What was advertised in a colonial American newspaper 250 years ago today?

“He has invented an HAIR-ROLL upon an entire new Construction.”
In the 1770s, fashionable women preferred a towering hairstyle known as the high roll. Their high hair testified that they had the leisure time to maintain the style and the means to hire hairdressers or maids to assist in achieving the style. While some women with high rolls wore wigs, most arranged their own hair around pads and rollers, sometimes embellished with plumes, ribbons, hats, or other adornments. Women wore high rolls to assert status, but they also became targets of critics who condemned luxury and the corrupting influences sometimes associated with consumer culture in the eighteenth century.
William Warden, a wigmaker who kept shop on King Street in Boston, attempted to catch the attention of prospective customers with an advertisement “To the LADIES” in the September 9, 1771, edition of the Boston Evening-Post.
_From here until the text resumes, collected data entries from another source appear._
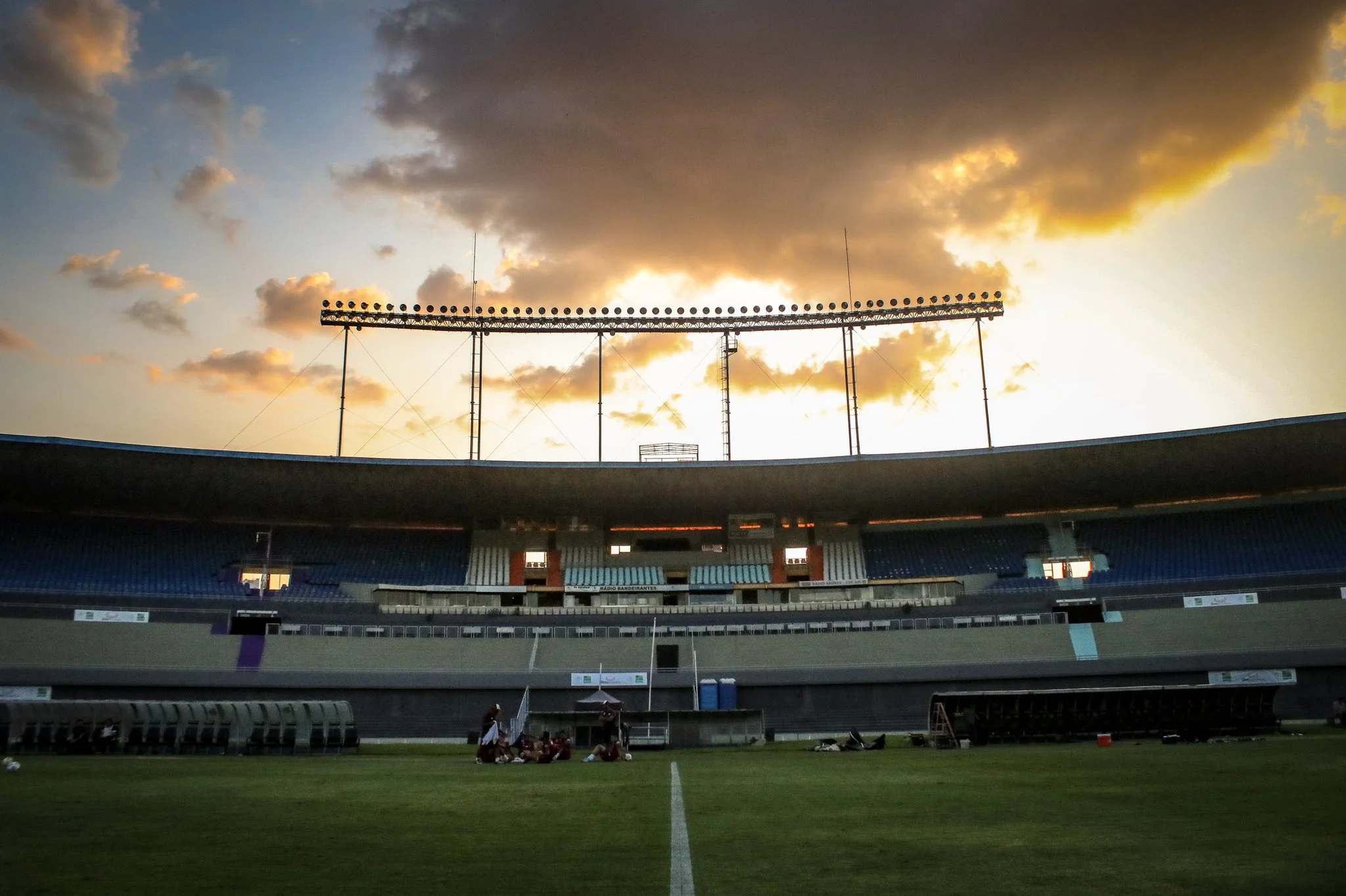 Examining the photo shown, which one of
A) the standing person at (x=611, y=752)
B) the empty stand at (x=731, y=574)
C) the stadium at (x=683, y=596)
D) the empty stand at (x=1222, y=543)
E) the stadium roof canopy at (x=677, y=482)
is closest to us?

He promoted a product that he invented to aid women in achieving the style while also making high hair more comfortable to wear. Warden proclaimed that he “invented an HAIR-ROLL upon an entire new Construction,” one that weighed significantly less than those made and sold by his competitors. The wigmaker estimated that most “Rolls in common use weigh from Seven to Ten Ounces, whereas those he makes do not exceed Three.” Warden did not believe that he needed to provide further recommendation for his product. “The Advantages of a light Roll over a heavy one,” he declared, “are so obvious that it would be affrontive to the Understanding to point them out.” Women who wore the style may have been delighted to learn of hair rollers that were easier to balance and put less strain on their necks.
According to Warden, being fashionable did not mean having to be uncomfortable, or at least not as uncomfortable as most hair rolls made the women who wore them. He invited women to give his new product a try, giving them access to a popular fashion, the high roll, without experiencing some of the disadvantages often associated with it.